Crestview Police Department sent out a media release March 22 denying rumors that there was a “colony of five dozen homeless teens living in the woods somewhere in the city.”
Brian Hughes, public information officer for CPD, said the department had received numerous calls regarding the rumors, prompting an investigation.
“We started getting phone calls about it,” Hughes said. “Our investigators, actually some people contacted them personally, so it kind of became clear that we had to do something about it.”
Rumors of homeless people living in the woods around Crestview are not a new phenomenon, and they’re not always baseless. Hughes, who once worked as a reporter for the News Bulletin, recounted a story he wrote in 2015 about a small homeless encampment near Ridge Crest Estates. But talk of a large group of homeless teens living in one area is entirely different, and it caused alarm among some residents.
The rumor may have its roots in a sermon given recently at a local church. Pastor Jason Townsend of The Summit church, in an emotional speech during a late February service, talked about the homeless problem that he had recently learned about.
Townsend had been told by other pastors at the church that 8 to 12 homeless kids were sleeping in the woods near Twin Hills Park. When he found out, he spoke with his staff about trying to locate the homeless children.
“So we got out there and started searching and looking, and we were wrong,” Townsend said in the sermon. “It is not 8 to 12 kids that are living in the woods; those are their ages. There are 60 kids that live and sleep in tents in your community.”
It was Townsend’s first sermon at The Summit’s main campus in Crestview. He and his wife, Misty, previously served at the Destin campus and now minister at both locations. Townsend urged the congregation to take action to help house and feed the homeless teens.
The media release from CPD mentioned a Facebook post written by a member of the congregation. It read, in part, “When you find out that there are over 60 homeless teens living in woods in Crestview what will your response be? What if that was your teen or your niece or nephew?”
While neither the sermon nor the Facebook post specifically stated that all 60 teens were living in one wooded area, the idea prompted calls to city police.
“Word just went out like wildfire that there was this group of teens living in the woods,” Hughes said. “There were slight variations of (the story). The number changed. Sometimes it was slightly fewer, and the colony just kept growing.”
The phone calls led police to investigate the wooded areas around Twin Hills Park, but they did not find evidence of an encampment in the area. Investigators also searched two other areas in the city that were rumored to be possible locations, but no homeless children were found at either location.
Investigator Ralph Garrett, who worked on the case, said he spoke with neighbors and church members, but could find no evidence to substantiate the claims of a large group of homeless teens.
“There isn’t even enough room in those woods for 60 kids,” Garrett said, referring to the wooded area to the east of Twin Hills Park.
If it was Townsend’s sermon that sparked the rumors, he said it was not his intention.
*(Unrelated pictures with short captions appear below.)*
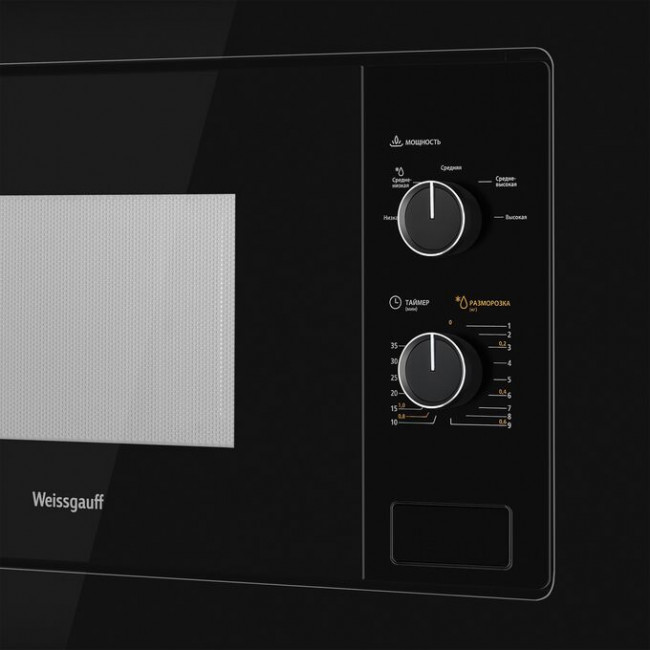 Встраиваемая микроволновая печь Weissgauff BMWO-206 черный Встраиваемая микроволновая печь Weissgauff BMWO-206 черный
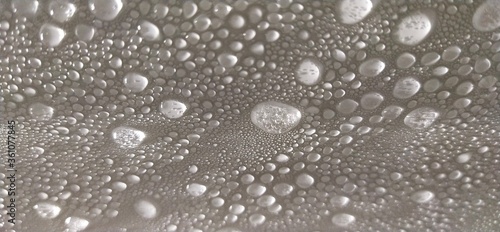 Wallpaper Mural drops of water in freezer Torontodigital.ca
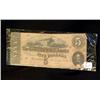 Image 1 : LOT $5 CONFEDERATE CURRENCY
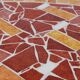 Artist mosaic table K. Theessen coffee table vintage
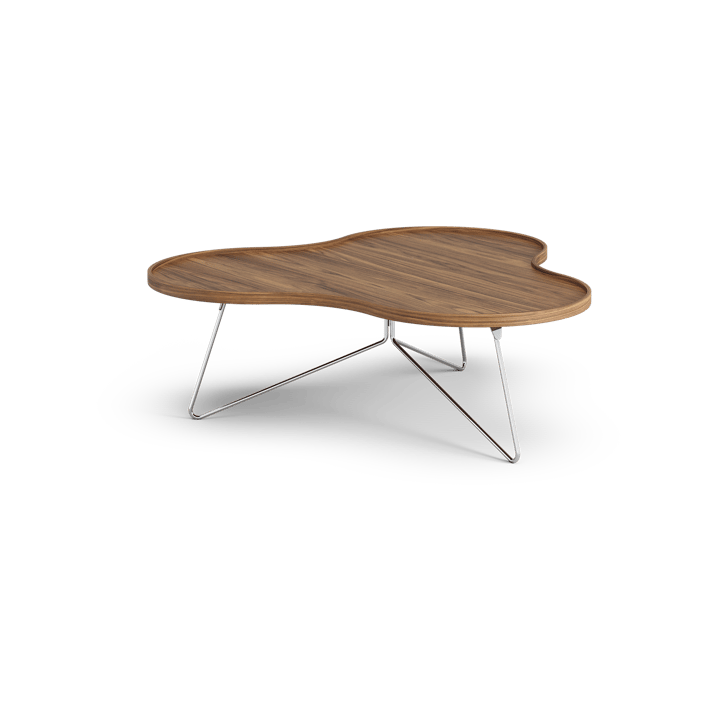 플라워 모노 테이블 스페셜 에디션 107x114 cm, H39 cm-lacquered walnut-chromed steel Swedese | 스웨데제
Townsend said he had not been to the alleged location and had not personally seen a large group of homeless teenagers.
“There are kids that sleep in the woods,” Townsend said. “Have I gone and looked for them? Nope, I have not. But I’ve heard so many times about that, that there are kids that are in the woods.”
Townsend said he was made aware of the large number of homeless teens in Crestview by Rosa Rivera, who runs a non-profit called the Belief Foundation. The foundation provides mentoring and educational programs for at-risk, school-age children. But Townsend clarified that the homeless teens were not living in one wooded location together.
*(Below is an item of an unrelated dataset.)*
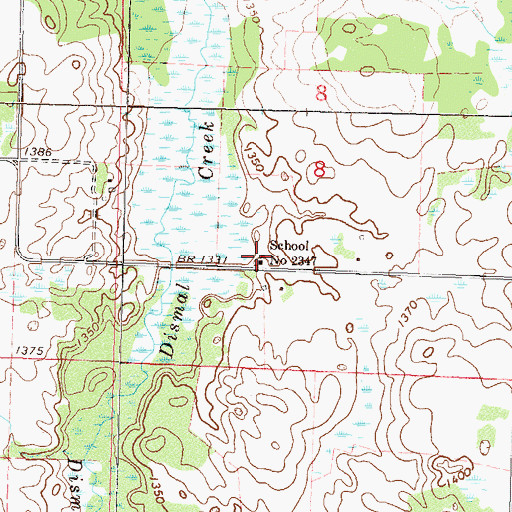 Topographic Map of School Number 2347, MN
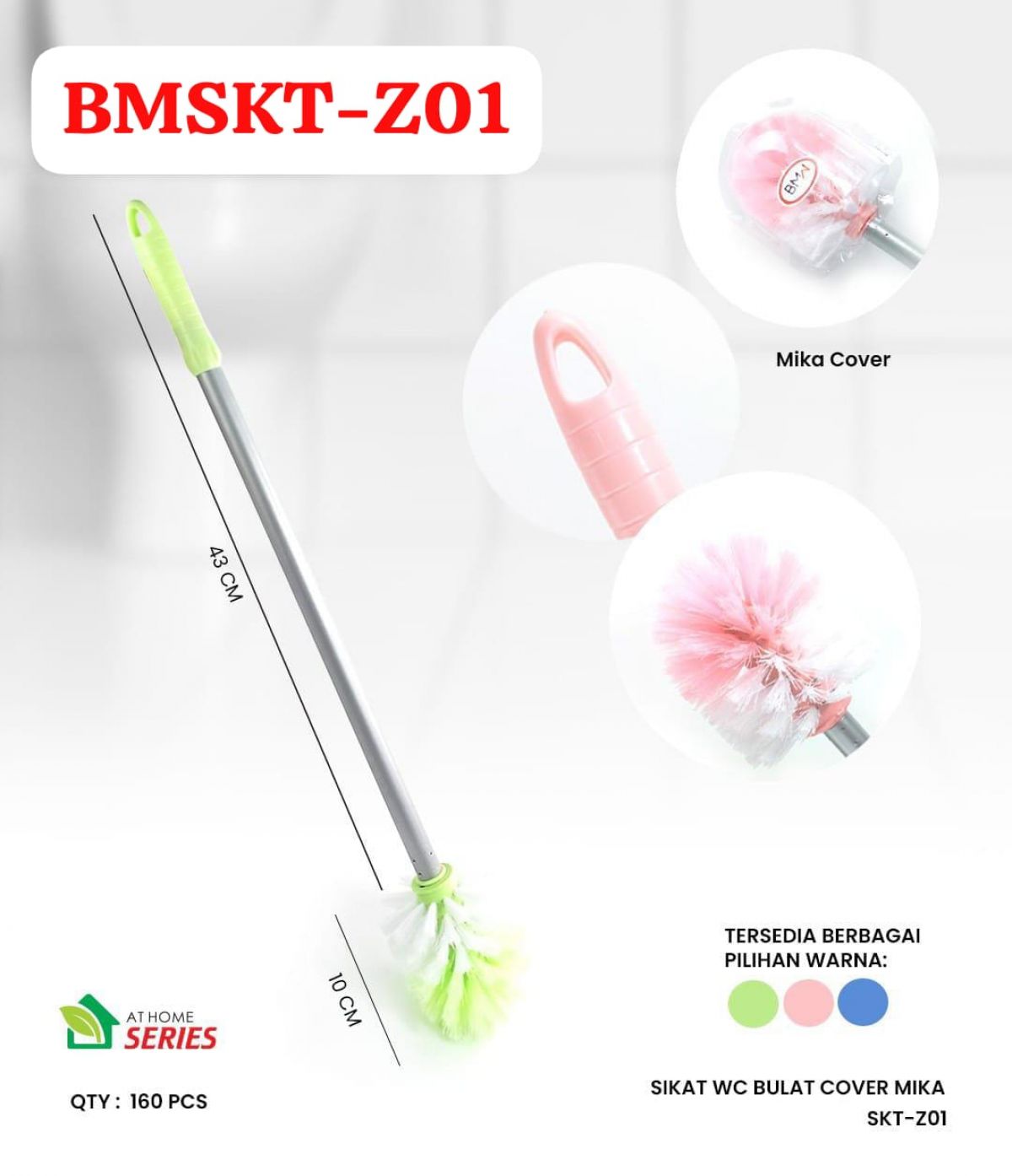 SIKAT WC BULAT COVER MIKA BMSKT-Z01 ISI 160 PCS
“My first day as the official lead pastor for the Crestview campus, these children come to be made aware to us,” Townsend said. “The whole kids only in the woods, I’m not real sure how that got started, with them only in the woods, because certainly they’re not only in the woods.”
One fact that this situation has made clear is that everyone involved, from Crestview Police Department to the churches and non-profits in the area to concerned citizens, all take the issue of homeless teens seriously.
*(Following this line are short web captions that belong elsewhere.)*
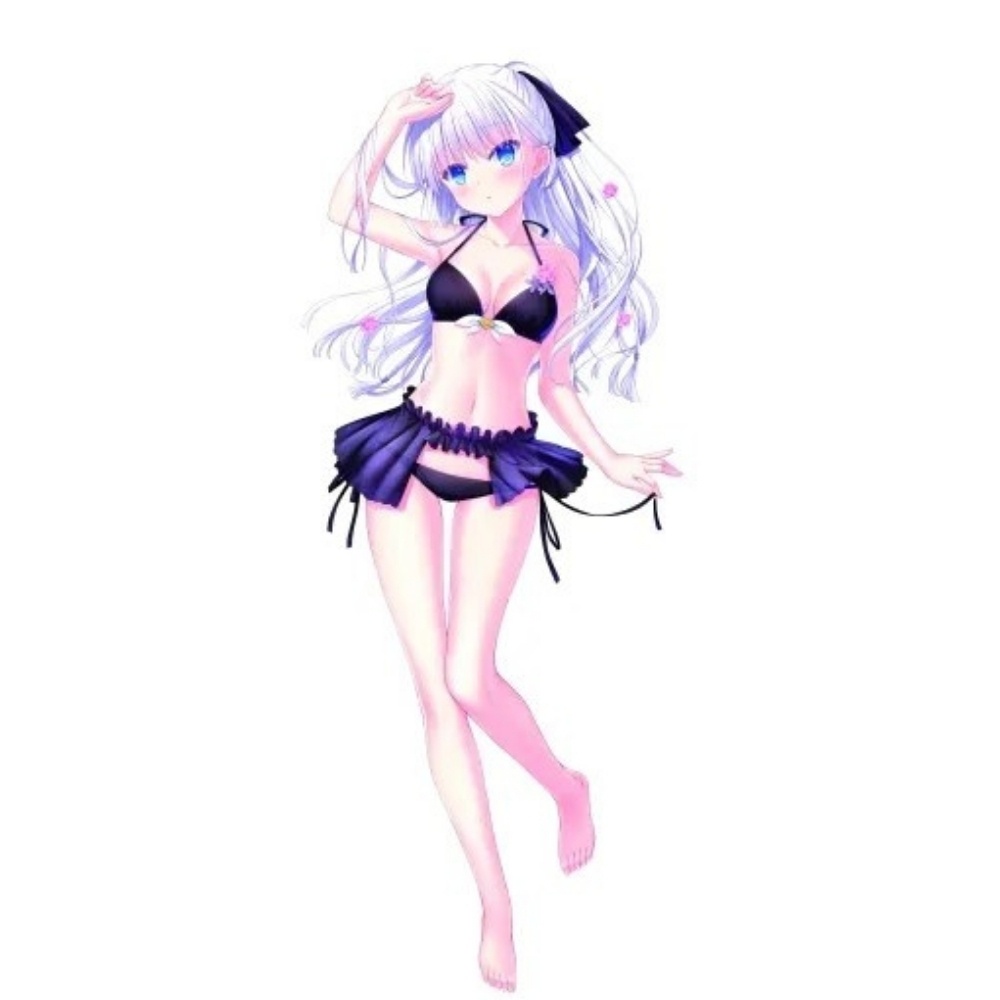 【35cm特大】Summer Pockets REFLECTION BLUE サマーポケッツ 特大アクスタ サマポケ しろは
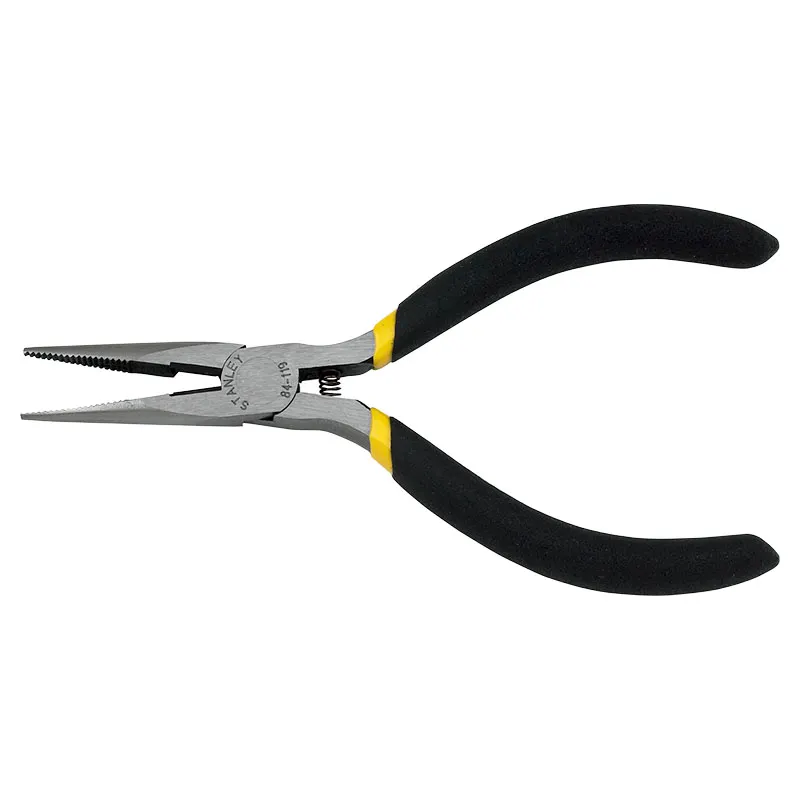 Alicate de punta larga 5" mango plástico Stanley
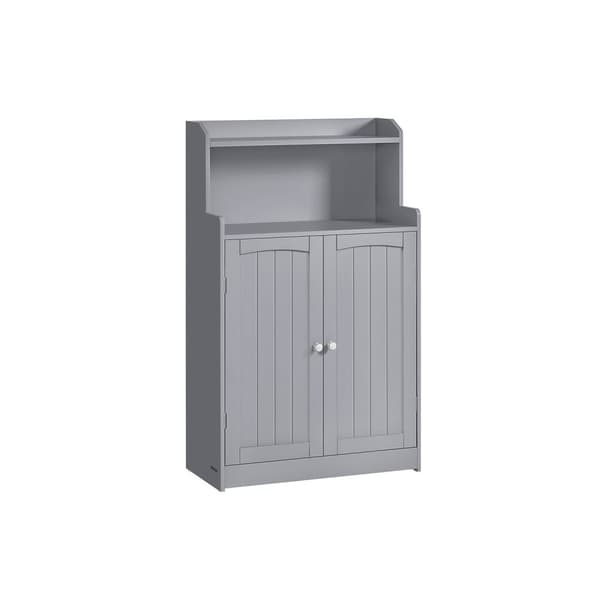 Rootz Dove Grey Badeværelsesskab - Opbevaringsenhed - Skab - MDF Materiale - 30 cm x 60 cm x 100 cm - Letvægts - Nem montering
The Summit is working with the Belief Foundation to provide food for the at-risk youths served by the foundation. The church also plans to try to open a group home for homeless children, though they are not actively accepting donations for that cause at this time, according to Townsend.
“If you want to give something at all, you can give financially for us to feed (at-risk kids) at the Belief Foundation Monday through Thursday,” Townsend said.
While no large groups of homeless teens have been discovered in the city, Investigator Garrett urged anyone with concrete information on the location of such a group to come forward.